==== INPUT DATA

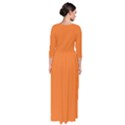 Popsicle Orange	 - 	Quarter Sleeve Maxi Dress View2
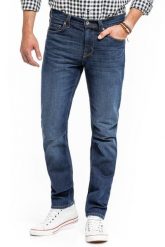 MUSTANG VEGAS MĘSKIE SPODNIE JEANSOWE DENIM BLUE 1014039 5000 982. Niebieskie spodnie materiałowe męskie Mustang, bez wzorów, z denimu. W wyprzedaży za 159.99 zł.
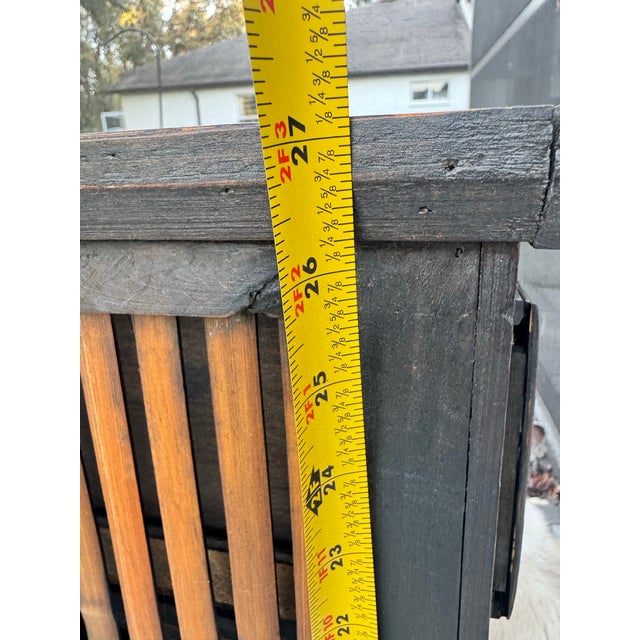 Vintage Boho Burnt Bamboo Rattan Nightstand Side Table With Drawer Magazine Rack For Sale - Image 12 of 12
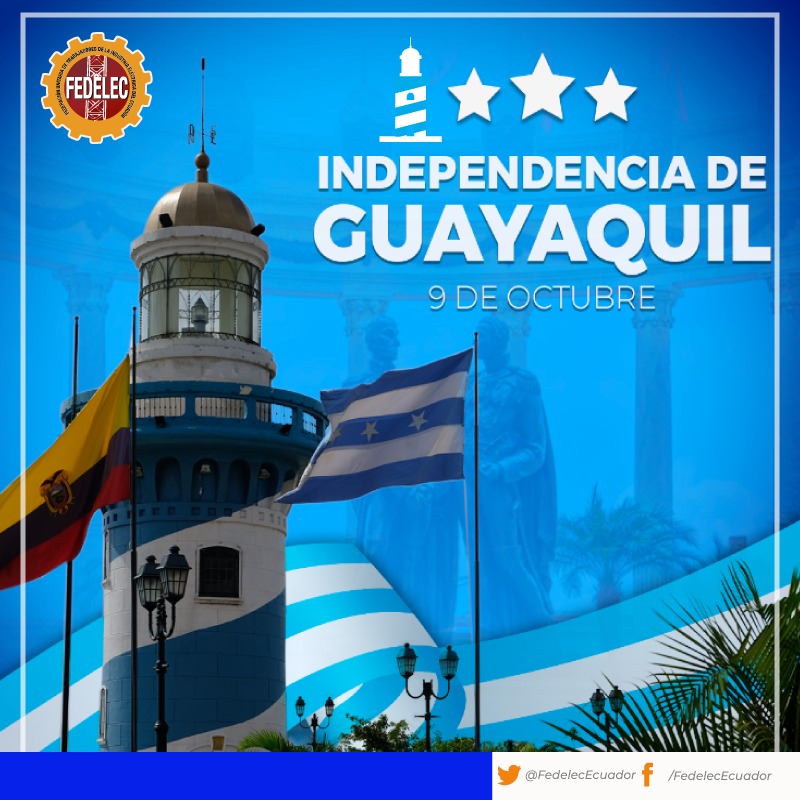 🔶Hoy conmemoramos la #IndependenciaDeGuayaquil exaltando el valor de los próceres al impulsar las luchas que consiguieron la libertad  a nuestro país.
📌Queremos destacar el rol que cumple esta bella ciudad como puerto de lucha y progreso en el Ecuador.
¡ #VivaGuayaquil!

========

TASK TO COMPLETE: Leaving the pictures out, write out every entry exactly.

EXERCISE RESULT:
 Popsicle Orange	 - 	Quarter Sleeve Maxi Dress View2
 MUSTANG VEGAS MĘSKIE SPODNIE JEANSOWE DENIM BLUE 1014039 5000 982. Niebieskie spodnie materiałowe męskie Mustang, bez wzorów, z denimu. W wyprzedaży za 159.99 zł.
 Vintage Boho Burnt Bamboo Rattan Nightstand Side Table With Drawer Magazine Rack For Sale - Image 12 of 12
 🔶Hoy conmemoramos la #IndependenciaDeGuayaquil exaltando el valor de los próceres al impulsar las luchas que consiguieron la libertad  a nuestro país.
📌Queremos destacar el rol que cumple esta bella ciudad como puerto de lucha y progreso en el Ecuador.
¡ #VivaGuayaquil!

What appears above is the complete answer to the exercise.